If a boy wants to read Maureen Johnson then fine. If he doesn't then let him go read something else. And as someone who reads a crazy - CRAZY - amount of YA every year then let me assure you there are way more books out there with female protagonists then male. And that's wrong, and it needs to change, period.

Am I cranky today or what?

I find the more I get into research I'm enjoying, the more I'm actively thinking about what I want to write, the less I feel inclined to care about anything else. And also, when I read something like the excerpt of Haleh Esfandiari's upcoming book My Prison, My Home in the current Vogue (not online I'm afraid), then I just get prickly about everything. Part of this might be due to finishing Dreaming of Baghdad over the weekend which immersed me in torture, prison and survivor's guilt in the most poetic manner imaginable. (It is - shockingly - about Saddam Hussein's original rise to power in the early 1970s; my review will follow in Booklist.) I am always struck after reading topics like these (and hearing about the death of someone like Natalya Estemirova) how small most of our battles online truly are.
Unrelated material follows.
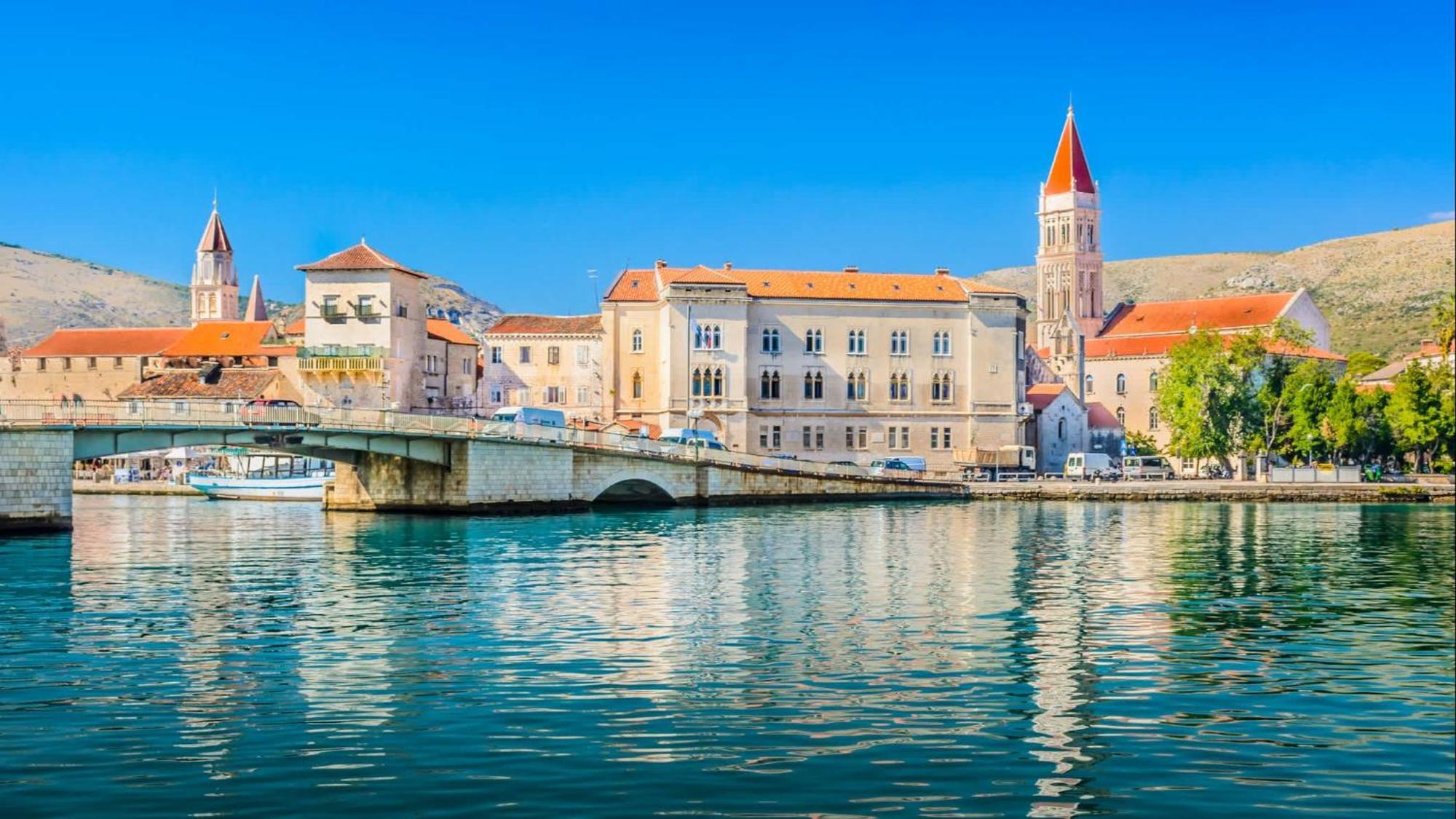 Penava, Private Beach, Pool And 7min To Appartement Trogir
Not that we all can't vent about something (or anything) and not that the topics I responded to above are small. They are life and you have to talk about these things. But all too often we talk about nothing I think - about why cheap bookshelves are no big deal or that unless you can prove your street poverty cred with some kind of Palinesque folksiness (that somehow manages to diss Sarah Palin in the process) or an actual living pitbull in your house (????) then you are elite and don't know how it is for the "REAL" people. These things drive me crazy in a million little ways. So I go back to 1890 and wonder who Julia Pressl's father really was or why her mother lied or why they never talked about the death of the man who adopted Julia and raised her as his own. Why do families hide everything - still?
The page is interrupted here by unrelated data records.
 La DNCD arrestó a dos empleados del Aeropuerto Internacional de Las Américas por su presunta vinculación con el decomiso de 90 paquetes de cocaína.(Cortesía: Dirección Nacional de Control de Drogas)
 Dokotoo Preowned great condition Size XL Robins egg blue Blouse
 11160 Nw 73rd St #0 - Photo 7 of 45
These are things I'm thinking about lately. If nothing else, I can easily prove my poverty background from these stories. Unfortunately my husband built our bookshelves which I think now makes us elitest. My dog is a mutt from the humane society though - that ought to count for something.

comments

Nice post, Colleen. It's a great catch-up one.
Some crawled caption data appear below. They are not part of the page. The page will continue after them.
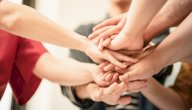 خصائص العلاقات الإنسانية صورة مقال خصائص العلاقات الإنسانية
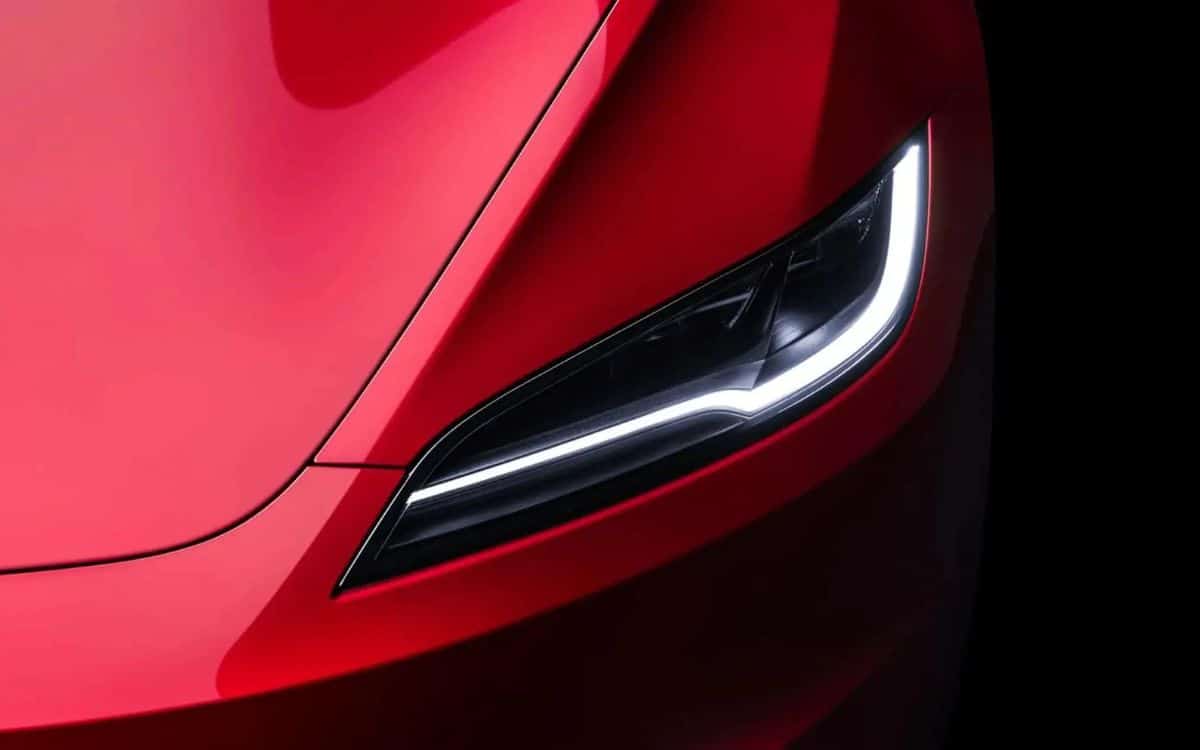 Tesla Model 3 Y feux route adaptatifs phares matriciels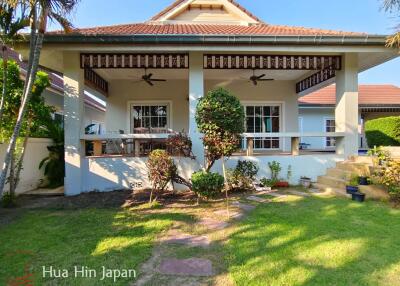 Beautiful 3 Bedroom Pool Villa Near Black Mountain Golf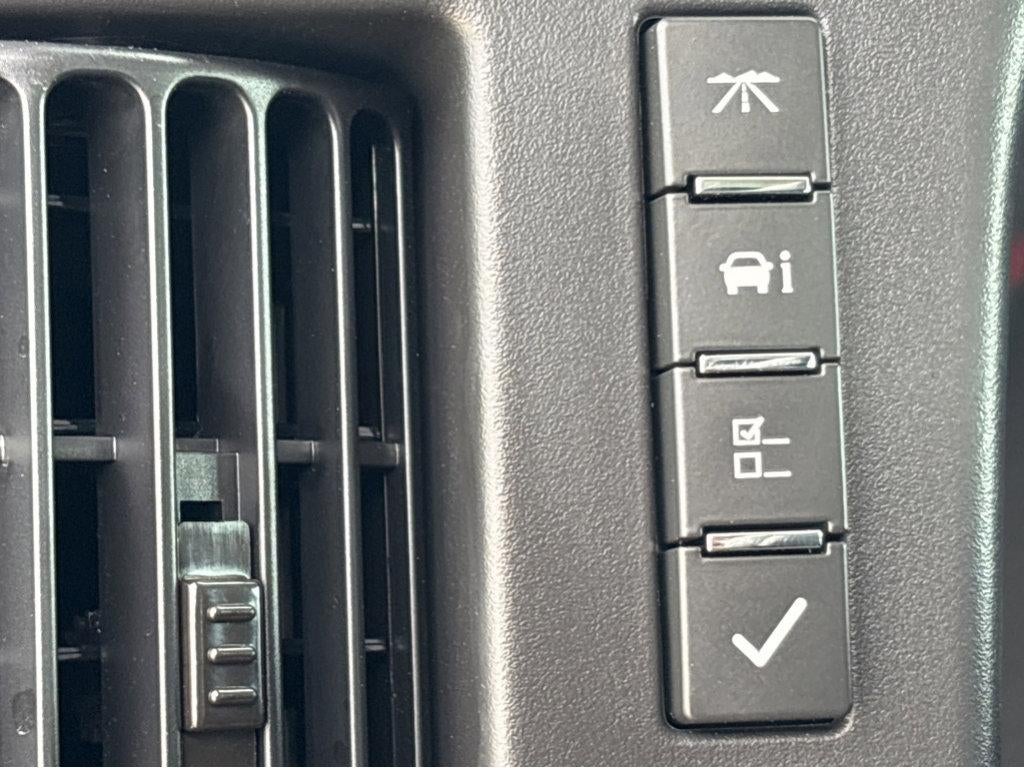 2025 Chevrolet Express Cargo 2500 Base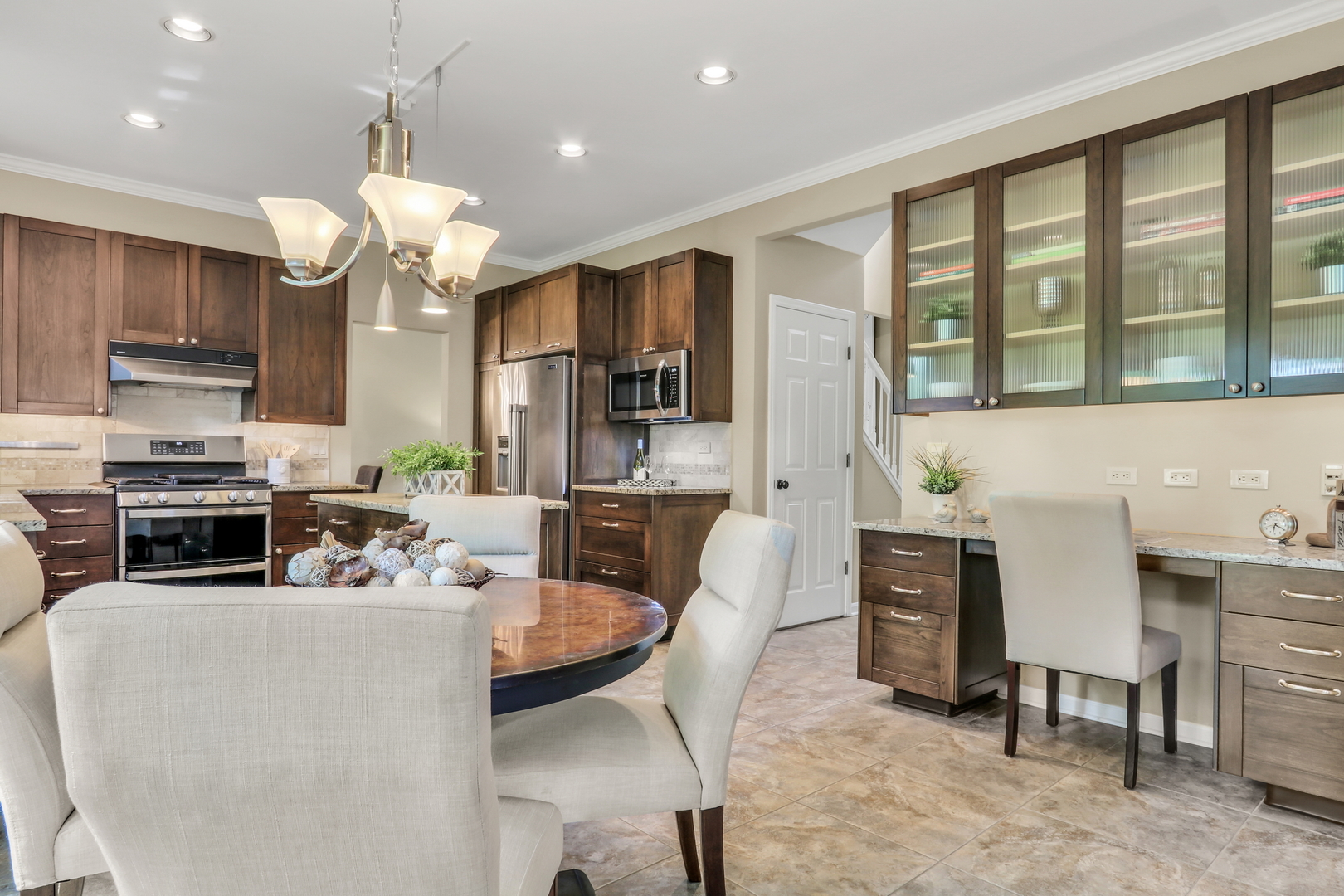 1211 Laurel Lane, Gurnee, IL 60031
A husband who builds bookcases makes you elitist? I think it makes you lucky!

I'll say something articulate later. For now, let me say, you rock. I share your frustrations. I worked in publishing. I loved our products and our clients. But there were so many other factors that wore me out.

t

I've been reading that discussion on Ed Rants, and... wow. I hear ya on a lot of the static that gets spoken, and on the insanity of what people consider elitist behavior. There are other things more important; it's good to know when to disengage from the fray.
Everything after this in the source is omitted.